[Opening INPUT MATERIAL section]

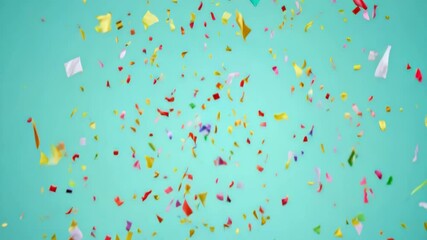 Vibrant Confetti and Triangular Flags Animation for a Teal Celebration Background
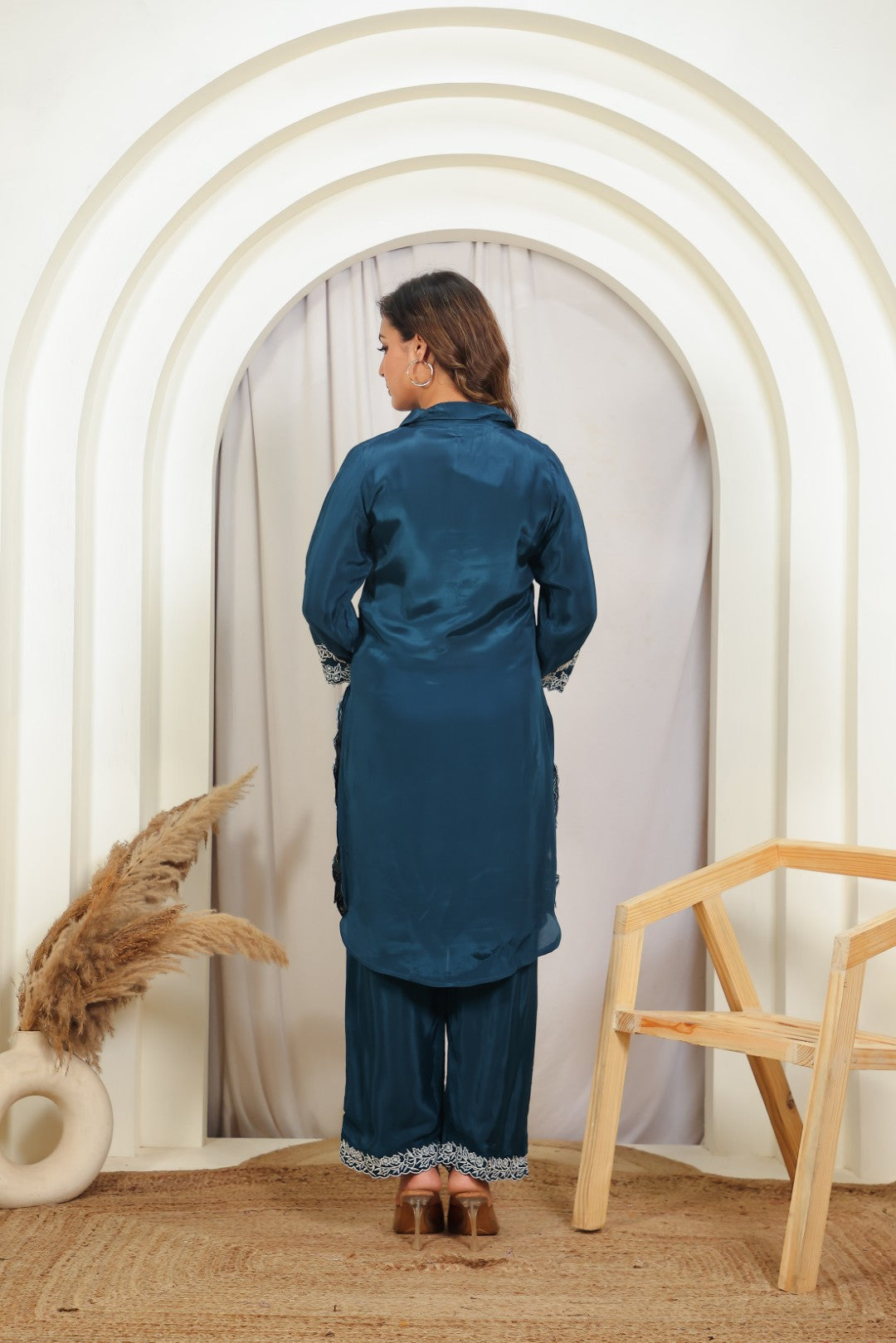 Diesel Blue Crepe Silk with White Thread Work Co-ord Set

[Closing INPUT MATERIAL section]
[Opening INPUT MATERIAL section]

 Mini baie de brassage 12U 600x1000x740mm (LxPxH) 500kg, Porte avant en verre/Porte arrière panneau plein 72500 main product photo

[Closing INPUT MATERIAL section]

- [WHAT IS NEEDED]: Where a picture appears in the records above, omit it, and transcribe exactly the stretch of lines from the one with "Vibrant Confetti and" through the one with "Diesel Blue Crepe".

- [ANSWER SPACE]:
 Vibrant Confetti and Triangular Flags Animation for a Teal Celebration Background
 Diesel Blue Crepe Silk with White Thread Work Co-ord Set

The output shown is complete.